Twelve Days of Winter #7. Simon and Garfunkel: Silent Night/Seven O’clock News
December 18, 2024
Colin Randall writes: Paul Simon is entitled to be cross about how he and Art Garfunkel were perceived in snootier corners of British folk in the 1960s. To put it bluntly, many of us foolishly looked down on them, mocked their songs and dismissed them as limp-wristed, lightweight pop-folk.
It was all so much nonsense, of course. Simon paid his dues as faithfully as Tom Paxton or Jackson D Frank or Martin Carthy to the British folk scene. He was also writing some strong, enduring songs that didn't deserve to be parodied, as we did in Bishop Auckland, Co Durham, with lyrics childishly changed to I Am a Rock, making the refrain I am a sock/ I am a nylon ....
Simon snd Garfunkel. Fair use: https://en.wikipedia.org/w/index.php?curid=1271607
Now 83, Simon can look back on an extraordinary career that has brought him 16 Grammy awards and twice seen him inducted into the Rock and Roll Hall of Fame. He even made up with Carthy after a 35-year feud over the arrangement of Scarborough Fair, which the young Carthy had taught the young Simon, leaving him feeling under-recognised when it became a big hit.
No help from Carthy was needed when Silent Night/Seven O’clock News was included on the 1966 album Parsley, Sage, Rosemary and Thyme, the third Simon and Garfunkel studio LP. Juxtaposing the soothing Christmas solemnity of a much-loved carol with a ghastly news bulletin was a stroke of genius.
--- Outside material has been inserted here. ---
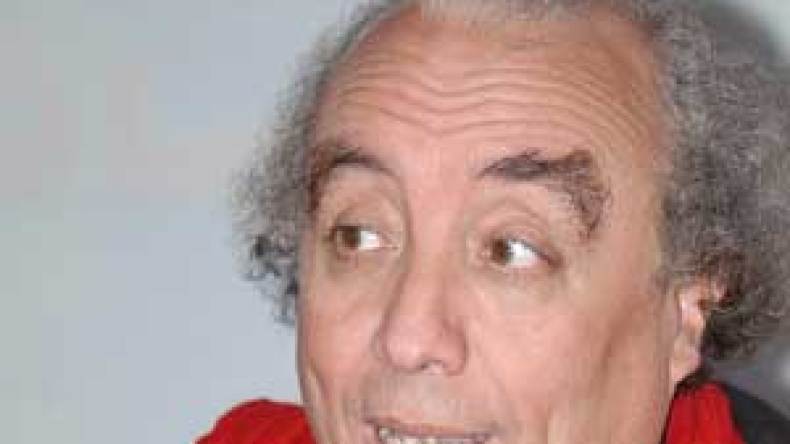 “زوبعة أدونيس لا علاقة لها بحرية التعبير وسببها خلاف إداري”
With gathering volume, each news item dealing with war, racial violence and mass murder competed with the verses of the carol, reducing their cosy seasonal character to a heap of cant.
Paul Simon once said Silent Night was the song he most wished he had written. It has been described as the most recorded Christmas song in history, having started out as a poem written in 1816 by Fr Joseph Moor, an assistant priest in Austria, and put to the music two years later at Moor's request by Franz Gruber, the organist at the church near Salzburg to which he had moved.
For their innovative treatment of the song, Simon and Garfunkel recorded it with the accompaniment of not only a piano but the news bulletin compiled and read by a broadcaster, Charlie ODonnell, covering heartwarming tidings of the Vietnam war, celebrity death, serial murders of student nurses and attempts to stop Martin Luther King leading a civil rights march.
in 2019, Phoebe Bridgers recorded an updated version with a different set of items in the news bulletin including the opioid scandal, Talibanesque curbs on American women's right to abortion and Trump impeachment proceedings. It's good but Simon and Garfunkel earned much greater credit for doing it first.